Se encontraron las dos hadas a orillas de una presa de molino, la más encantadora que puede soñarse. El agua era fina, pura, bajo el espumarajeo que levantaba la rueda, y en la superficie, en los momentos de calma, las efímeras, en un rayo de Sol, tejían sus contradanzas, y las argironetas o arañas acuáticas jugaban, con sus luengas patitas, a ver quién rasaba el agua con más agilidad y presteza. Espadañas lanceoladas y poas de velludo marrón revestían las márgenes. Flores no había, porque era invierno; caía la tarde del 31 de diciembre.
Al verse, las hadas se sonrieron como buenas amigas. Representaban, sin embargo, dos cosas en apariencia inconciliables: la una era el hada de la vida, y la otra el hada de la muerte.
—Hemos llegado al mismo tiempo —dijo la rosada a la pálida—. ¡Y cuidado que tenemos quehaceres las dos! Crece tanto el género humano, que no se sabe cómo hacer para atender a todo. Yo he solicitado del Ser Supremo unas hadas auxiliares…
—¡Qué casualidad! —exclamó la descolorida—. Yo lo mismo. Pero, a pesar de eso, no puedo descansar ¡buenas cosas harían si me descuidase! He de andar siempre vigilando, y a ti, hermana, te sucederá dos cuartos de lo mismo.

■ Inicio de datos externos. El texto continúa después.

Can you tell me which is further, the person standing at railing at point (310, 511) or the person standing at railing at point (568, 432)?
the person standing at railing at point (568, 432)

—¡Vaya! ¡Cualquiera se fía! Hay que ocuparse en persona, sobre todo en caso como éste. Ahí, detrás de esta puerta carcomida, en el molino antiquísimo de la Eternidad, va a expirar el año viejo y a nacer el nuevo. La pobre, caduca Eternidad (entre nosotros sea dicho, hermana), creo que ya no está para estos trotes. ¡Muchos años dura la faena de la infeliz! Nadie ha podido contar el número de sus hijos: mejor se contarían las arenas del mar y el polvillo cósmico del firmamento…
—Pues el caso es que parece una muchachita, declaró alegremente el hada de la vida.
—¡Sí, fíate de apariencias!, marmoteó la fúnebre.
Decidiéndose, cogidas de la mano —que la de la vida tenía ardorosa y la otra como un témpano—, penetraron en el molino. Al lado de la piedra enorme, que giraba incesante, moliendo, en vez de trigo, la harina gris del tiempo, veíanse dos lechos, y postrados en ellos, y gimientes, a un viejo desdentado, de barbazas fluviales, de arado semblante y de brazos que parecían hechos de cordeles retorcidos con todos los estigmas de la senectud en el cuerpo, sacudido ya por el hipo de la agonía, y a una mujer que también se quejaba, pero con el quejido fecundo y vital de las madres. Aunque era la Eternidad, en efecto, su sonrisa mostraba una gracia juvenil, y sus ojos brillaban con astrales fulgores. Era la eterna engendradora, la que guarda las llaves de oro de lo pasado y lo venidero. Los paños en que se envolvían estaban tejidos de luz.